En termes de valorisation, il pointe également que le rebond récent du marché américain l’a ramené vers des niveaux de valorisation relativement élevés d’un point de vue historique à plus de 22 fois les bénéfices attendus. « La différence de valorisation avec l’Europe ne peut plus se justifier par une incertitude politique plus importante en Europe, alors que le gouvernement américain vient de faire passer une loi budgétaire qui va creuser considérablement le déficit budgétaire alors que le taux américain à 10 ans est déjà sur des niveaux élevés ».
Dans ce contexte, Anthony Bailly reste convaincu que le momentum favorable de la Zone Euro peut se poursuivre, notamment vers les secteurs cycliques et domestiques dont la valorisation reste attractive. De même, l’accord sur les tarifs douaniers devrait permettre aux secteurs exportateurs de refaire une partie de la sous-performance du premier semestre ».
Privilégier le crédit
Au niveau des marchés obligataires, Emmanuel Petit (Head of Fixed Income) souligne que les opportunités actuelles se trouvent difficilement du côté des obligations gouvernementales, avec une Réserve Fédérale qui ne semble pas encore disposée à détendre le loyer de l’argent, tandis que la Banque Centrale Européenne devrait désormais se mettre en pause. « Le financement des déficits budgétaires reste une inquiétude latente pour de nombreux investisseurs ». Et aux Etats-Unis, la nomination du prochain président de la Réserve Fédérale constitue un autre facteur d’incertitude à moyen terme.

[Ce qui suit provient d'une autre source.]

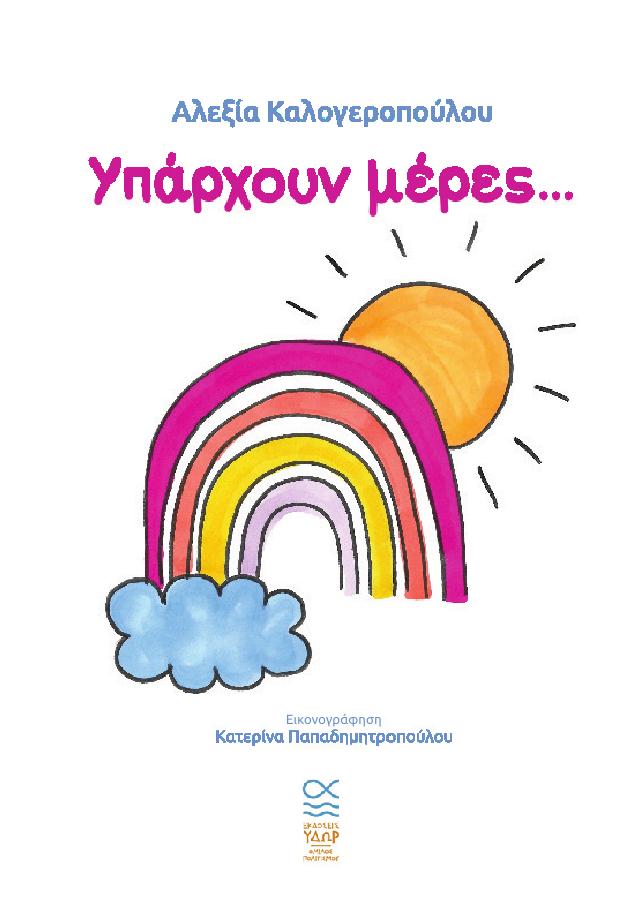Υπάρχουν Μέρες... - Αλεξία Καλογεροπούλου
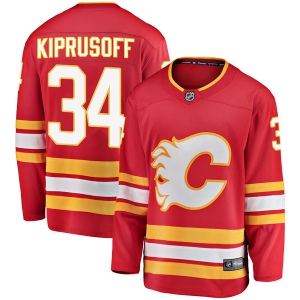 Men's Miikka Kiprusoff Calgary Flames Breakaway Alternate Jersey - Red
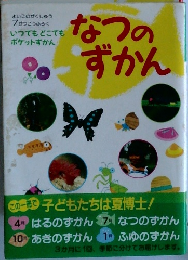 なつのずかん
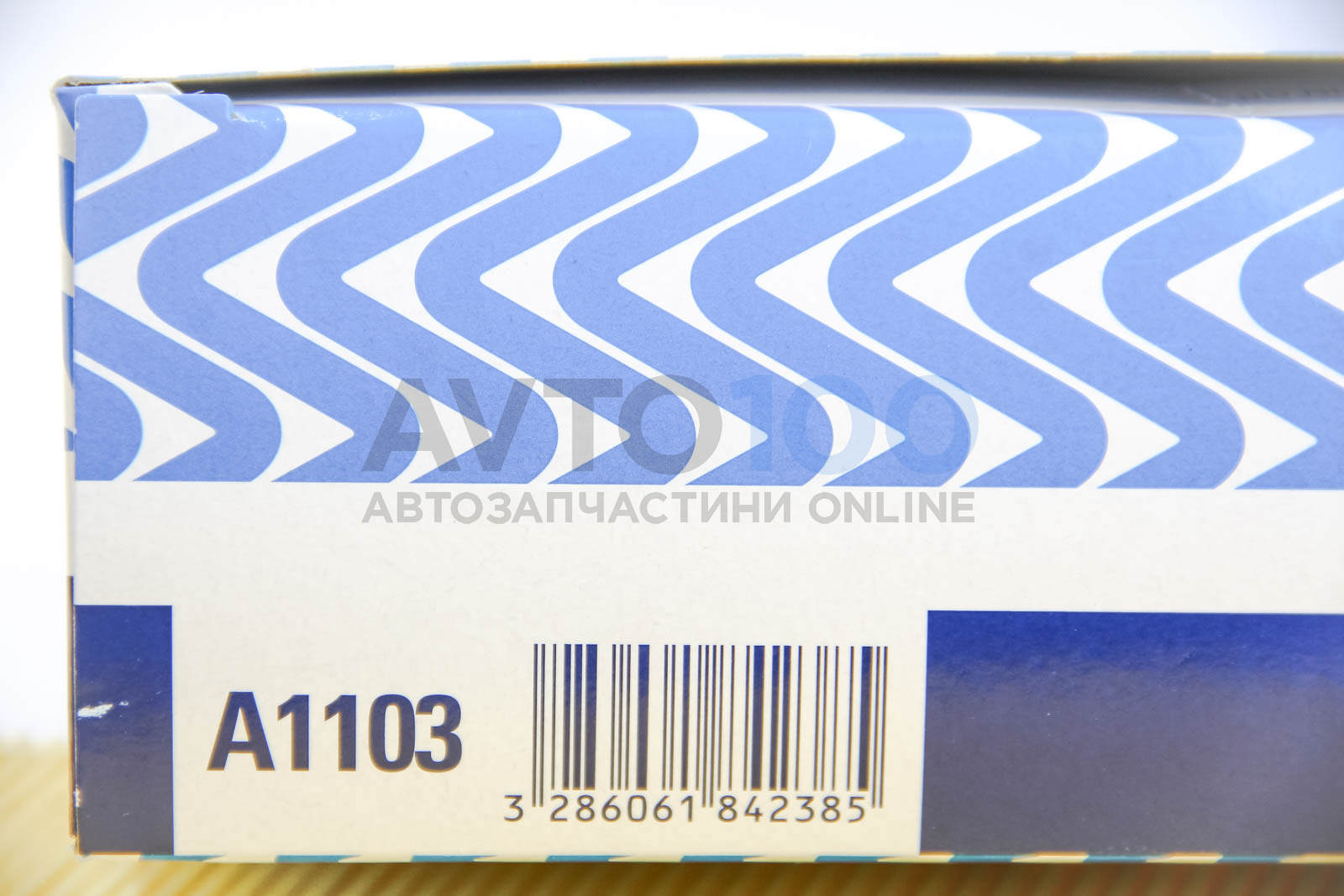 A1103 PURFLUX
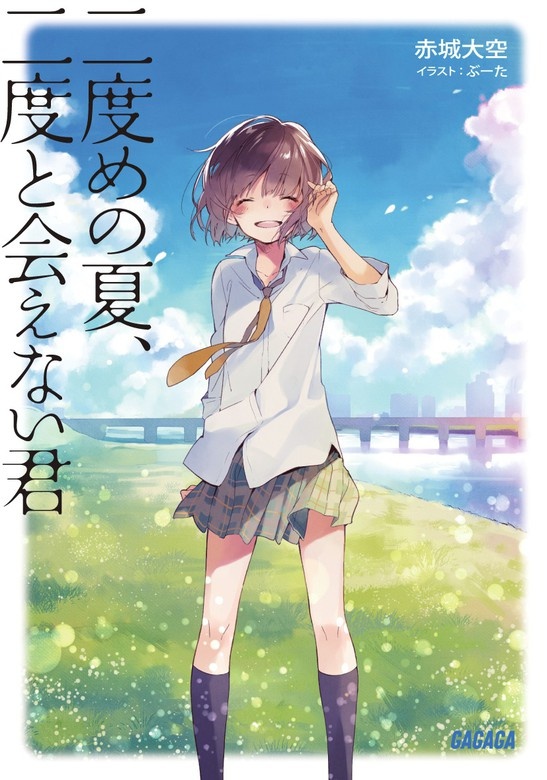 二度めの夏、二度と会えない君（オーディオ）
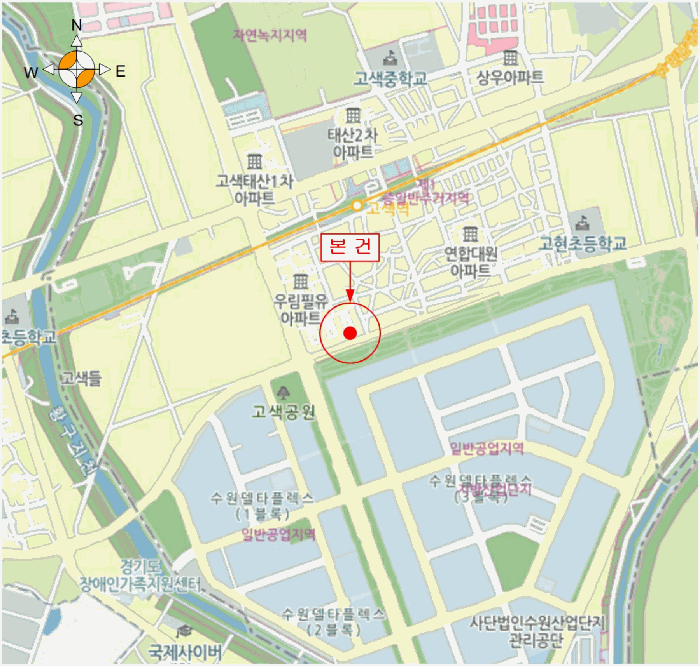 물건 사진 6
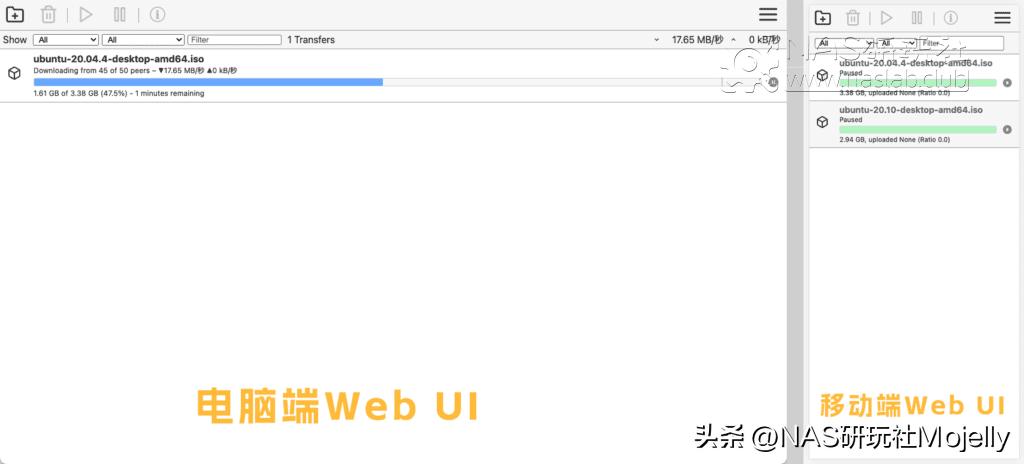 开源BT*载下**软件Transmission发布4.0版正式版原生支持快校功能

Dans ce contexte, Emmanuel Petit estime que les marchés du crédit constituent actuellement le segment le moins volatil. « La situation financière des entreprises reste solide, et la classe d’actifs offre un rendement absolu attractif. En outre, les périodes de plus forte volatilité doivent être considérées comme des opportunités à saisir, et il faudra se montrer réactif durant les prochains mois en évitant les sociétés les plus fragiles sur leurs secteurs respectifs ». Il privilégie les entreprises les mieux notées sur des échéances comprises entre 5 et 10 ans, ainsi que les émissions provenant du secteur financier au vu de leur valorisation et de leurs fondamentaux solides.